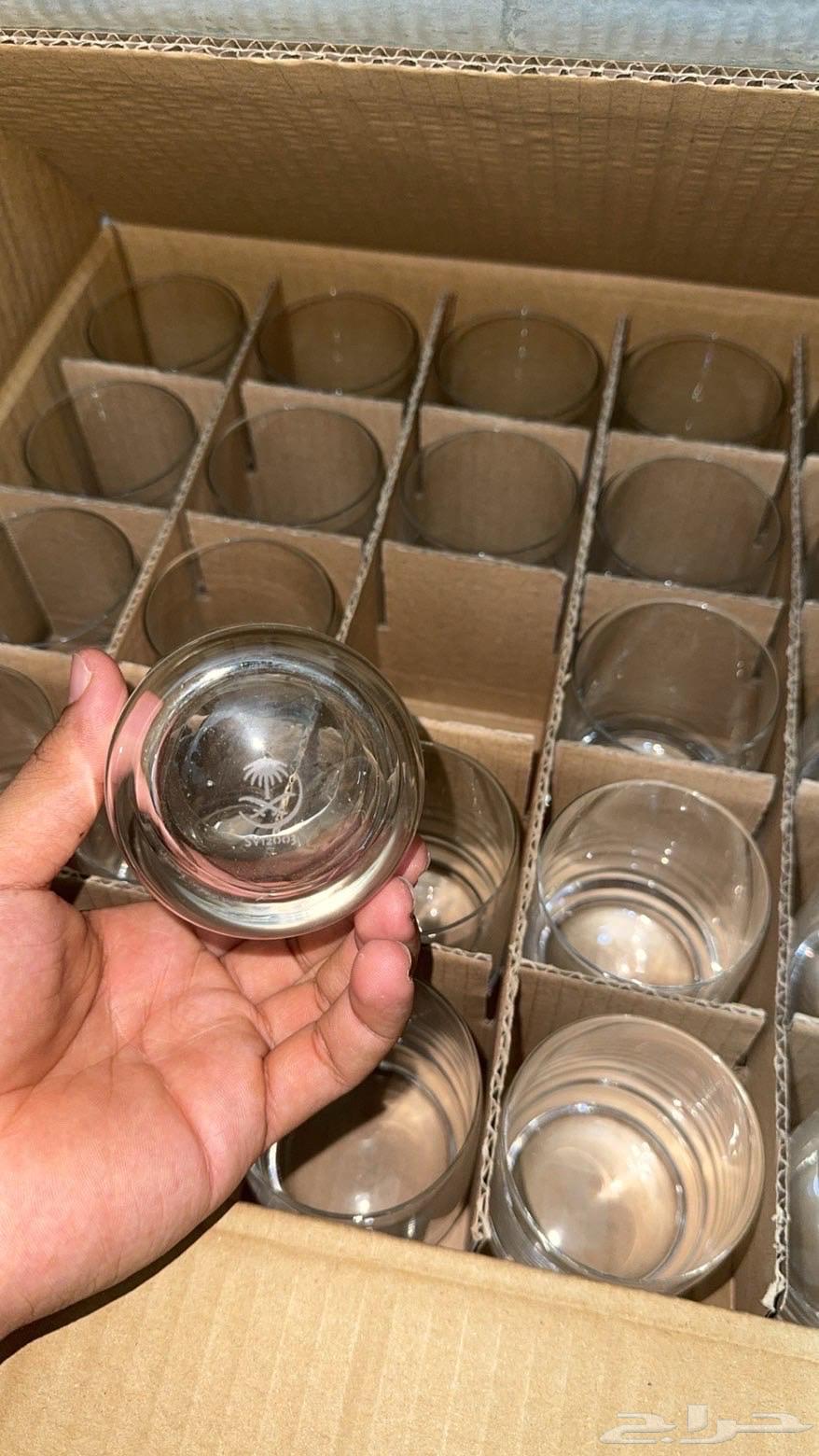 كرتون كاسات خطوط السعودية ستوك64535395568898114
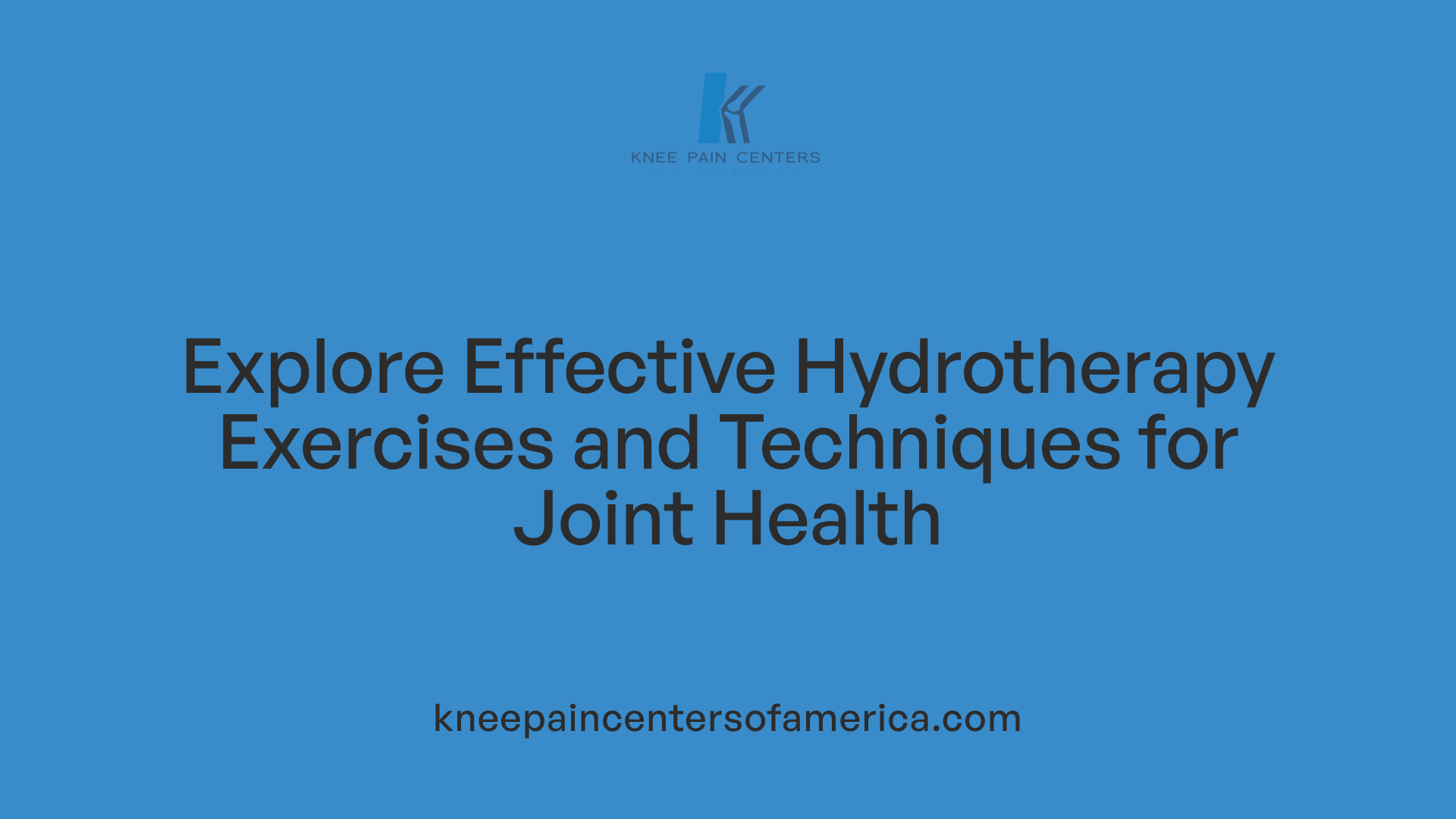 Explore Effective Hydrotherapy Exercises and Techniques for Joint Health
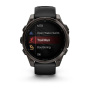 Умные часы Garmin Fenix 8, 47 мм, Amoled Sapphire Carbon Gray DLC Titanium with Black/Pebble Gray Silicone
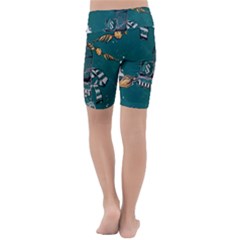 Kids  Lightweight Velour Cropped Yoga Leggings 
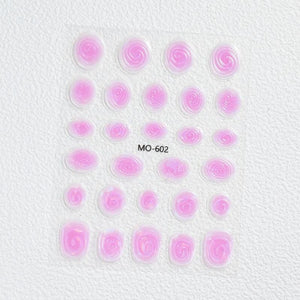 Vortex 3D Nail Stickers MO-602 Nail Art No Brand 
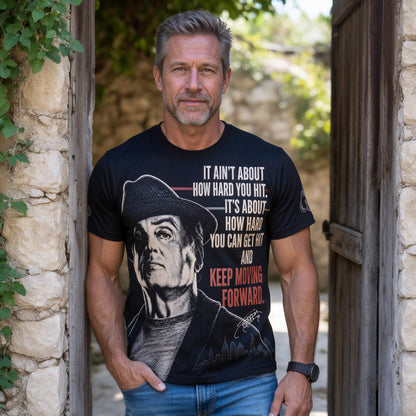 Keep Moving Forward – Vintage Fighter Graphic T-Shirt
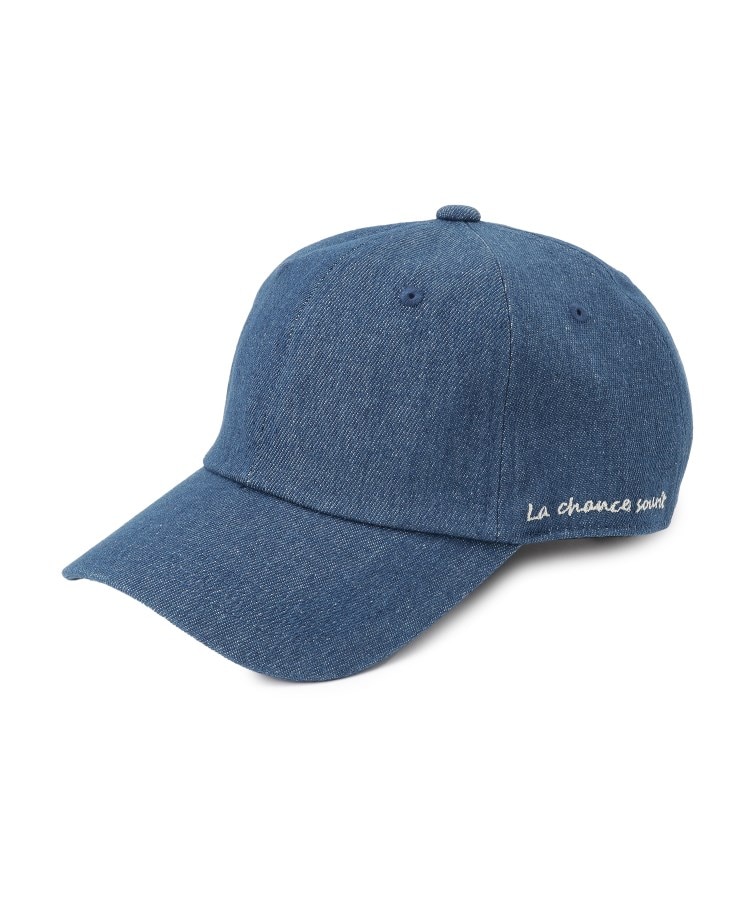 シューラルー(SHOO・LA・RUE)のアソートサイド刺繍CAP ブルー(193)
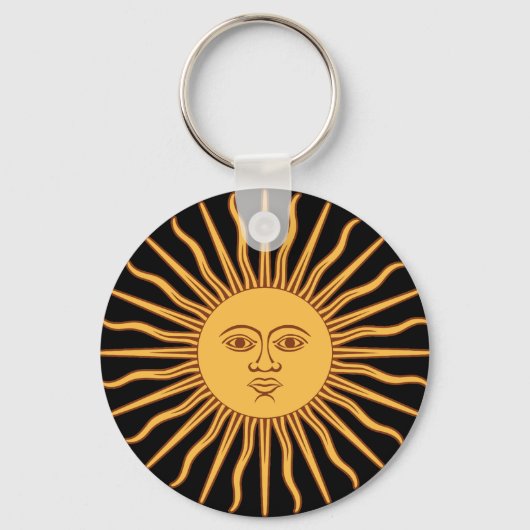 Porte-clés Porte - clé du bouton Sun (Recto)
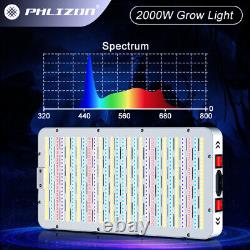 2000W Full Spectrum LED Grow Lights for Indoor Plants Hydroponic Veg Bloom Light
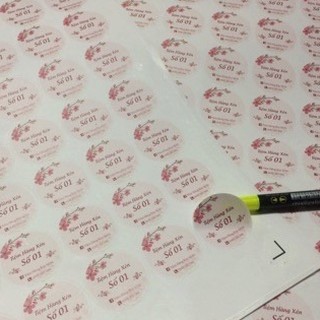 Combo 100 chiếc tem logo tiệm hàng xén tròn 4cm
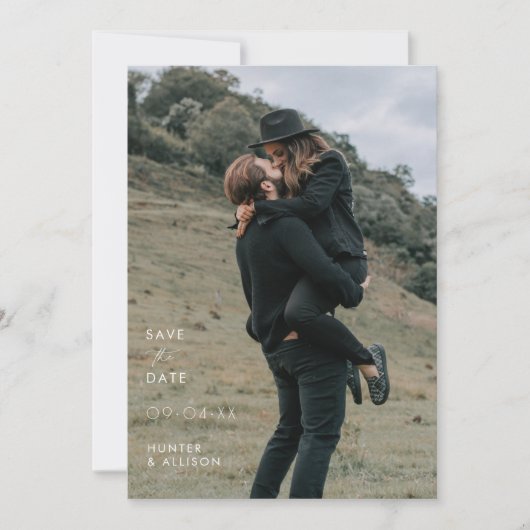 Sparen de Uitnodiging van de Datum (Voorkant)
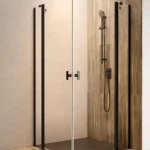 Outlet Radaway Nes 8 Black KDD II szögletes fekete zuhanykabin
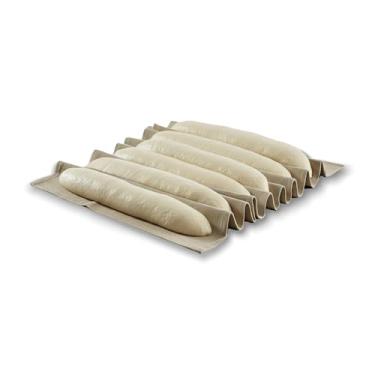 Imagem de Sofá profissional de panificadores de pão – Pano de linho premium para assar, à prova de pão artesanal, sofá de baguete 89 cm x 66 cm – Pães e baguetes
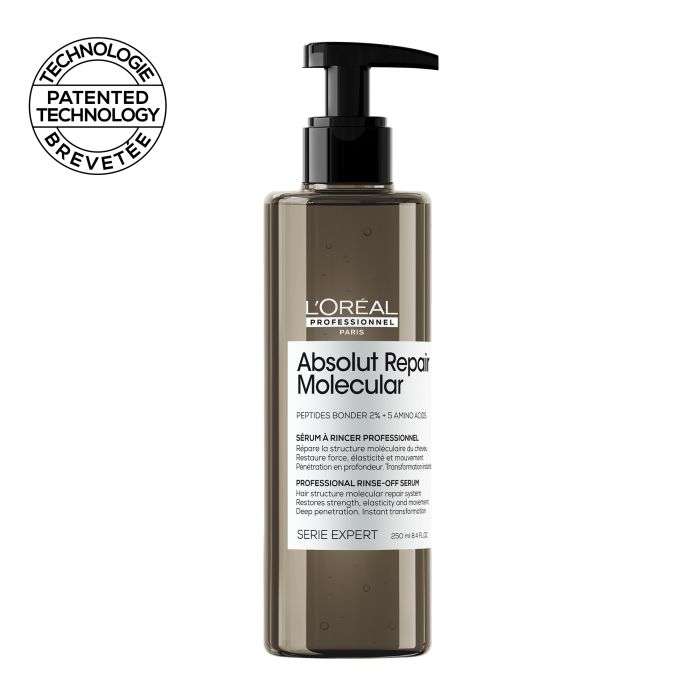 L'OREAL PROFESSIONNEL PARIS ABSOLUT REPAIR MOLECULAR SERUM A RINCER PROFESSIONNEL 250 ML L'OREAL PROFESSIONNEL PARIS ABSOLUT REPAIR MOLECULAR SERUM A RINCER PROFESSIONNEL 250 ML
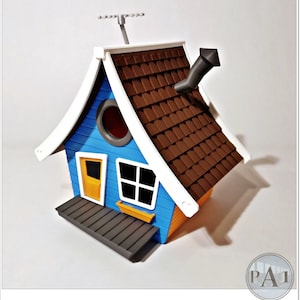 Toon Style Vogelhaus - BENUTZERDEFINIERTE FARBEN - 3D GEDRUCKT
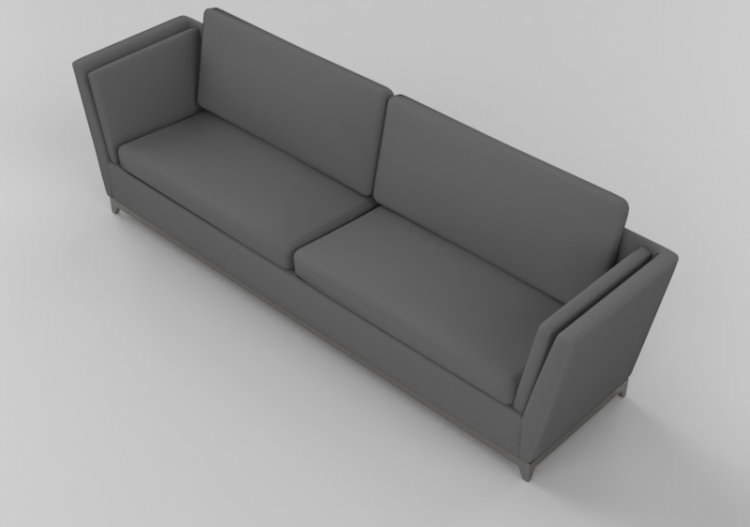 3D Sessel und Sofas - Sofa vier-Sitzer Größe - Sierra -...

*What the exercise asks*
Only the lines above from the one containing "Combo 100 chiếc" through the one containing "Toon Style Vogelhaus" should be returned, verbatim and inclusive, with pictures excluded.

*Response*
 Combo 100 chiếc tem logo tiệm hàng xén tròn 4cm
 Sparen de Uitnodiging van de Datum (Voorkant)
 Outlet Radaway Nes 8 Black KDD II szögletes fekete zuhanykabin
 Imagem de Sofá profissional de panificadores de pão – Pano de linho premium para assar, à prova de pão artesanal, sofá de baguete 89 cm x 66 cm – Pães e baguetes
 L'OREAL PROFESSIONNEL PARIS ABSOLUT REPAIR MOLECULAR SERUM A RINCER PROFESSIONNEL 250 ML L'OREAL PROFESSIONNEL PARIS ABSOLUT REPAIR MOLECULAR SERUM A RINCER PROFESSIONNEL 250 ML
 Toon Style Vogelhaus - BENUTZERDEFINIERTE FARBEN - 3D GEDRUCKT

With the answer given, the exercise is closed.